Tuttavia, è ormai stabilito che la cellula operativa che dirige i consiglieri turchi in Azerbaigian e le forze azerbaigiane che combattono ai confini della regione del Nagorno-Karabakh – con l’aiuto di circa 4000 mercenari di Daesh e di diversi gruppi etnici Il Caucaso dell’Asia centrale e Idleb- è formata da un gruppo di generali israeliani e ufficiali americani.
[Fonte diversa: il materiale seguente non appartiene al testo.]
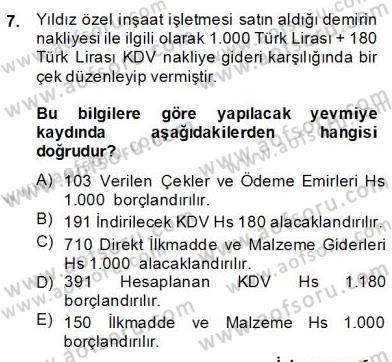 İnşaat ve Gayrimenkul Muhasebesi Dersi 2013 - 2014 Yılı (Final) Dönem Sonu Sınav Soruları 7. Soru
L’obiettivo tattico di queste operazioni è cercare di trascinare i russi e gli iraniani in questo conflitto regionale e, quindi, misurare la solidità del fronte eurasiatico su cui Mosca lavora da tempo per far fronte all’espansionismo di NATO; le manovre militari “Caucaso 2020” di pochi giorni fa corrispondenti ad una importantissima operazione di coordinamento strategico che ha visto la partecipazione di Cina, Iran, Pakistan e altri Paesi.

Va notato che parallelamente alla mobilitazione contro Russia, Cina e Iran, si sta verificando una mobilitazione pressoché identica nell’ambito del cosiddetto processo di “normalizzazione” avviato dallo sbarco israeliano ad Abu Dhabi. Ciò corrisponde a un tentativo di stringere queste tre potenze in ascesa n una morsa a tenaglia, a nord dal Mar Caspio [Azerbaigian], a sud dal Golfo Arabo-Persico.

Analista libanese M.Sadek al-Houssaïni

Ma quello che manca all’immaginazione del cowboy americano è che questi due spazi a nord e sud sono considerati il ​​ventre molle di qualsiasi aggressore o conquistatore straniero, sia che provenga dall’alto mare sia che si creda capace di giocare un ruolo al di là delle sue possibilità, sia ottomano che israeliano. Questo perché manca la profondità strategica dell’altopiano iraniano che ha resistito per secoli all’occupazione, alla subordinazione e alla sottomissione. In ogni caso, almeno dal 1826, quando le ultime invasioni degli zar russi si scontrarono contro il grande riformatore iraniano Abu’l-Qasim Farahani Qà’im Maqam, che pagò con la vita questa resistenza avendo preservato l’integrità territoriale del «L’Iran finora.

Quanto a Teheran, che fu, nel 1943, il luogo del primo incontro dei tre grandi alleati sulla via della vittoria contro i nazisti, Roosevelt, Stalin e Churchill, mentre il paese era occupato dalle forze sovietiche e britanniche, è ora indipendente, rivoluzionario, musulmano, guidato da leader di grande saggezza e più capaci che mai di respingere gli attacchi dal nord o dal sud.

Non aspetteremo a lungo per vedere gli invasori lasciare la regione, siano essi ottomani, americani o delegati israeliani.
Siamo ancora vivi. Dì Alleluia!

Mohammad Sadek al-Houssaïni
Tradotto dall’arabo da Mouna Alno-Nakhal

Fonte: Al-Binaa (Libano)

Traduzione in italiano: Fadi Haddad

Mohammad Sadek al-Houssaïni è uno scrittore, giornalista e ricercatore. Ha ricoperto la carica di Segretario generale del “Forum del dialogo arabo-iraniano”.